[PROVIDED ENTRIES]

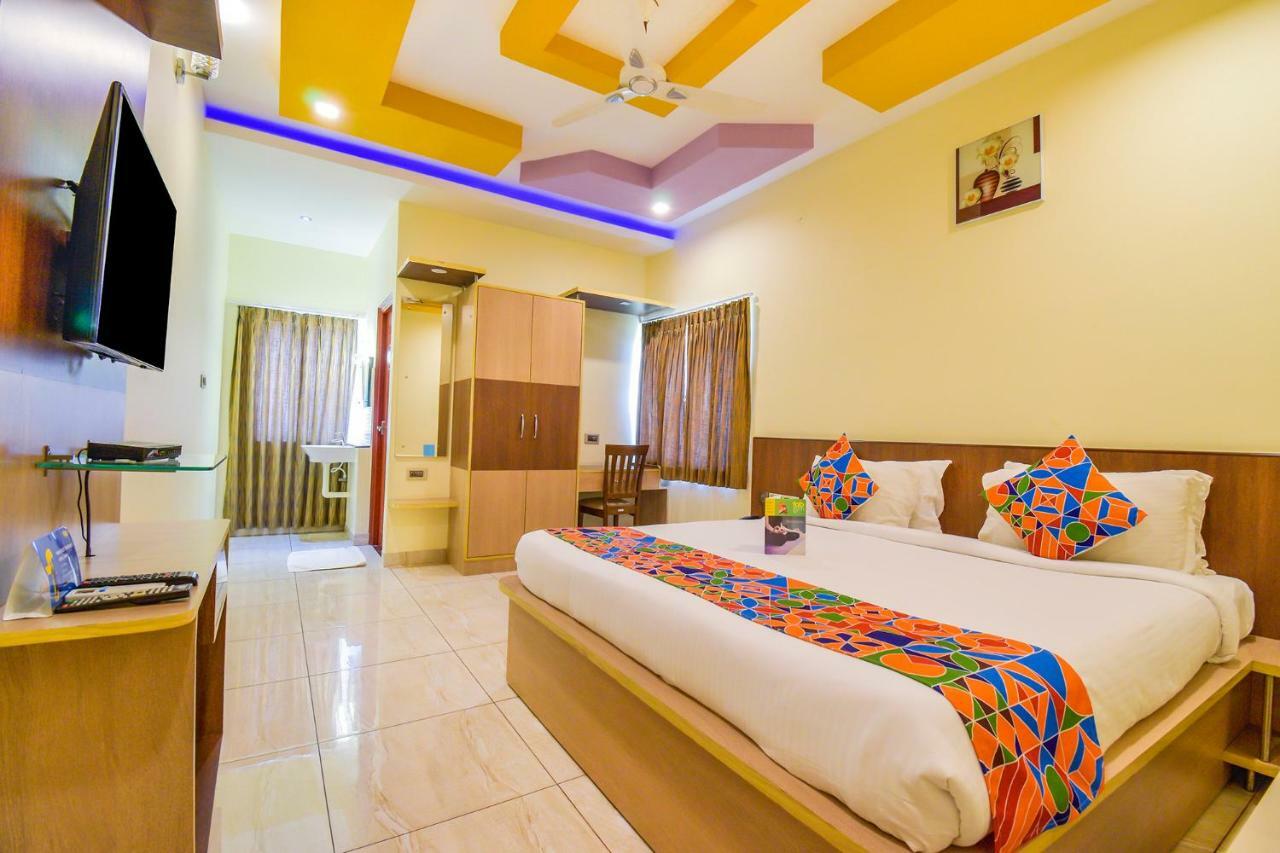 Thaneegai Residency Pondicherry Exteriör bild
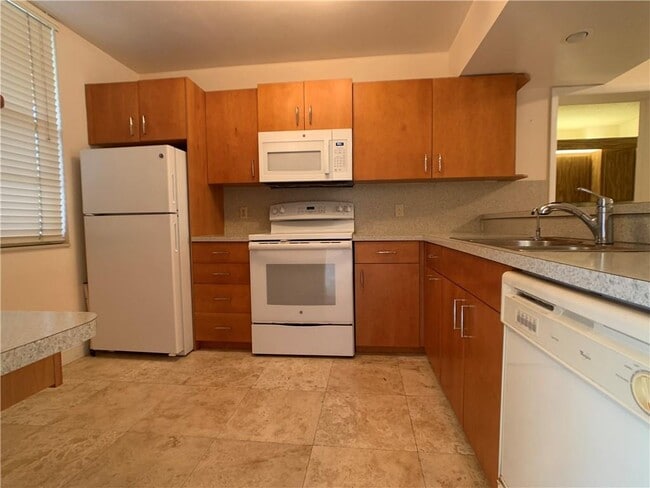 1721 Whitehall Dr, Unit 102 in Davie, FL - Building Photo - Building Photo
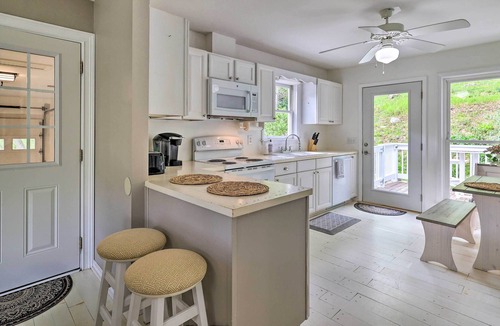Fleetwood House | Idyllic Fleetwood Farmhouse w/ Fire Pit & BBQ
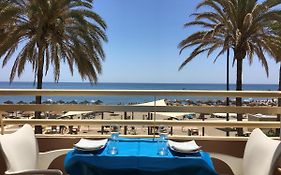 Terraza De Ensueno En La Playa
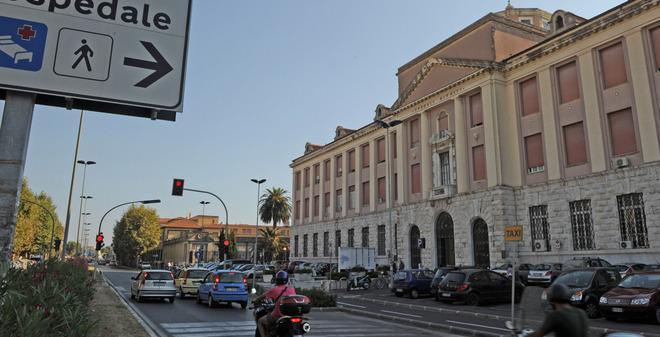 «Ricoverati su una sedia i pazienti di cardiologia» 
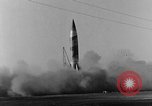 Immagine di Tedesco A-4 missile Peenemunde Germania, 1942, secondo 11 filmato di repertorio 65675078002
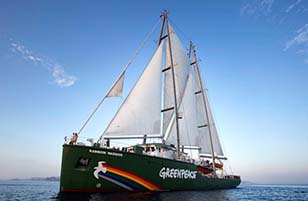 La Rainbow Warrior salpa
per sensibilizzare sulle rinnovabili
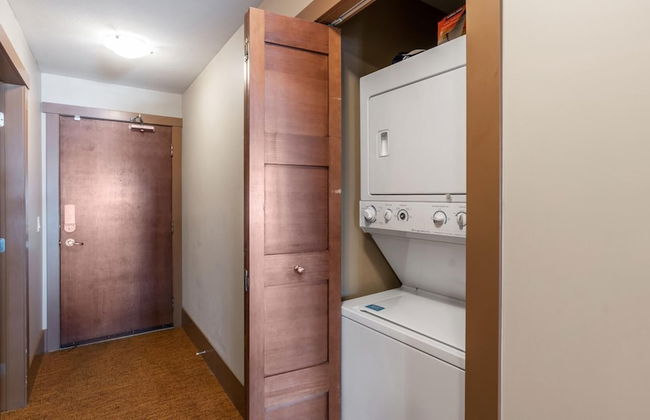 Raven's Nest - Luxury Pet Friendly Condo w/ Private Hot Tub & Mountain Views - Foto 33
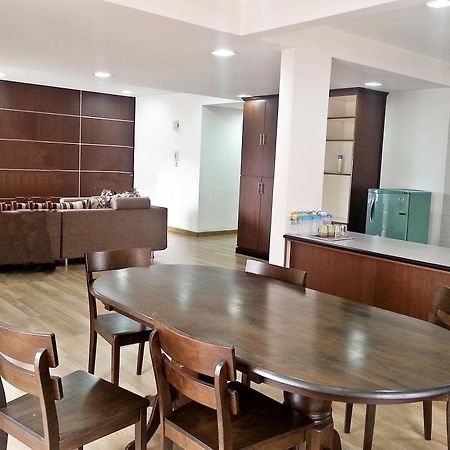 Kk Waterfront Suites At Marina Court Кота-Кинабалу Экстерьер фото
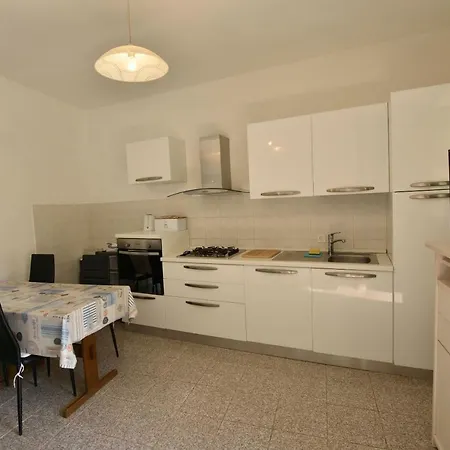 Milka Lägenhet Primošten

[/PROVIDED ENTRIES]

#### [WHAT IS NEEDED]
Reproduce exactly the lines of the entries above from the first through the line with "La Rainbow Warrior salpa", both included; pictures should not be reproduced.

#### [ANSWER BELOW]
 Thaneegai Residency Pondicherry Exteriör bild
 1721 Whitehall Dr, Unit 102 in Davie, FL - Building Photo - Building Photo
Fleetwood House | Idyllic Fleetwood Farmhouse w/ Fire Pit & BBQ
 Terraza De Ensueno En La Playa
 «Ricoverati su una sedia i pazienti di cardiologia» 
 Immagine di Tedesco A-4 missile Peenemunde Germania, 1942, secondo 11 filmato di repertorio 65675078002
 La Rainbow Warrior salpa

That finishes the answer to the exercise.